When the French Ambassador called on the Secretary yesterday to explain French withdrawal from the General Assembly, the conversation turned to the future composition of the United Nations should a formula be found for the admission of new members. The Secretary speculated on the feasibility of a formula whereby neither the Soviets nor the other four permanent members of the Security Council would use the veto. Mr. Wilcox suggested that in such an event an abstention rather than a negative vote would better meet the legal requirements. The Soviet satellites were discussed as examples and the French Ambassador expressed the view that even though the U.S.,U.K., France and China should abstain the Soviets and the other six Security Council members voting affirmatively would give the required seven votes for membership. He added, however, that it would be difficult for countries like New Zealand [Page 309] and Belgium to vote with the U.S.S.R. and not follow the example of their Allies in the case of the satellites. The Secretary agreed that it was likely that the Soviet delegation would insist on some prearranged understanding to assure that their protégés would not be excluded under the formula by either the Council or the Assembly.2 At the end of his call the Ambassador asked the Secretary about the plans of the Disarmament Subcommittee. The latter replied that the Canadian objection to the early recess of the Subcommittee had been overcome and there now seemed to be no obstacle to its adjournment some time next week.

  1. Source: Department of State, Central Files, 310.2/10–455. Confidential. Drafted by Jones on October 4.
  2. Secretary Dulles was asked about the United Nations membership question at his press conference on October 4 and replied, in part, as follows: “I think that our position on all United Nations memberships is substantially the same as it has been in the past.

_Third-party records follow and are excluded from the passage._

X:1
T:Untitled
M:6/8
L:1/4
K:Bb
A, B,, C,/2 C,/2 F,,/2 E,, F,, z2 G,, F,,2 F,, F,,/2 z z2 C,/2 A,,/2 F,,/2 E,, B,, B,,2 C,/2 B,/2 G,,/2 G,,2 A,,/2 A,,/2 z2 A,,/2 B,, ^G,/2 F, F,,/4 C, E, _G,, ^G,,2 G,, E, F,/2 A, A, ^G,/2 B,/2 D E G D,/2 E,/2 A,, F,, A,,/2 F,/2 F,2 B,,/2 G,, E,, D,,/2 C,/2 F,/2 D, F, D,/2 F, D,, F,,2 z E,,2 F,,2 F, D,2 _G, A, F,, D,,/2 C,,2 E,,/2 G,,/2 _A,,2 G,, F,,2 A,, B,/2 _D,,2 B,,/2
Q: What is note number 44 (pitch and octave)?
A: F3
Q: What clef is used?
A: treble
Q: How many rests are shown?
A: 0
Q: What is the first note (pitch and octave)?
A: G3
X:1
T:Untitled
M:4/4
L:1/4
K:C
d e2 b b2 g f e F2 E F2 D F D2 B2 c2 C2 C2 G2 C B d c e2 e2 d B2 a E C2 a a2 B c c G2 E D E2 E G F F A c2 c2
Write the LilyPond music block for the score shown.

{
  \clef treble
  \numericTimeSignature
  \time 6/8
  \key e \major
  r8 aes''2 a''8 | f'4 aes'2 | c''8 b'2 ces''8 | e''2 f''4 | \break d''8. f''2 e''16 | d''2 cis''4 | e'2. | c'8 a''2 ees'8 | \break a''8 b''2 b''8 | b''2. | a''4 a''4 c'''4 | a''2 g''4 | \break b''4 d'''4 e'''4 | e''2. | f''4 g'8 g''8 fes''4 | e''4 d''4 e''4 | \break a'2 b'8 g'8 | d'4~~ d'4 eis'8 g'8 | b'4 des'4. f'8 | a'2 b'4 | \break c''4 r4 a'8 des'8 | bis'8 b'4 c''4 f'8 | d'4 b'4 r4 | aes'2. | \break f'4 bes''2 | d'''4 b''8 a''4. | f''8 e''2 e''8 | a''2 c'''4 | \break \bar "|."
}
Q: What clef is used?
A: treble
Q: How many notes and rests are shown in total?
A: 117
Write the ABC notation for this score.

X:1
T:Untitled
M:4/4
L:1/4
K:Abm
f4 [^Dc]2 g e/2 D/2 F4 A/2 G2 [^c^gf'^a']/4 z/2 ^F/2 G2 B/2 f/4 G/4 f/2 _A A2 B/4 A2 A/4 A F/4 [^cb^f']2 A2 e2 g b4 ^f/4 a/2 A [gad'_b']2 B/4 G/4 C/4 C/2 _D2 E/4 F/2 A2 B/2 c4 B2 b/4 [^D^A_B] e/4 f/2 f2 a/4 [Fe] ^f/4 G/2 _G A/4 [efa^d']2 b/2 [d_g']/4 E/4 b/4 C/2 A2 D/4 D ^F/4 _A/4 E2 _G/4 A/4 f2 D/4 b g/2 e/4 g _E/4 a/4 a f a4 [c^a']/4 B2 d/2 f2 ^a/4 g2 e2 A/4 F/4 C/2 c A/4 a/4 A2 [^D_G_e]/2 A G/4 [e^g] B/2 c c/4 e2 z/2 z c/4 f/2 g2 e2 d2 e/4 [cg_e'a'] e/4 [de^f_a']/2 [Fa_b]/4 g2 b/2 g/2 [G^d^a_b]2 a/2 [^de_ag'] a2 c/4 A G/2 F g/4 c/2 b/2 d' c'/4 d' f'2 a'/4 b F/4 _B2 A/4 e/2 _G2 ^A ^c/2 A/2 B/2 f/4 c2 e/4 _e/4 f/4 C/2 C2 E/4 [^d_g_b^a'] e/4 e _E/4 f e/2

We have never believed that the Security Council should operate as an agency for the vetoing of members… . We believe that candidates should be considered on their merits; they should not be arbitrarily vetoed in the Security Council… . There are some nations which, it seems to me, have made clear that they are not either peace-loving, or able or willing to carry out their obligations under the charter, and we doubt that they should be allowed to come into the United Nations in violation of the charter, or merely in order to get other eligible nations in.” For a complete text, see Department of State Bulletin, October 17, 1955, pp. 604–608.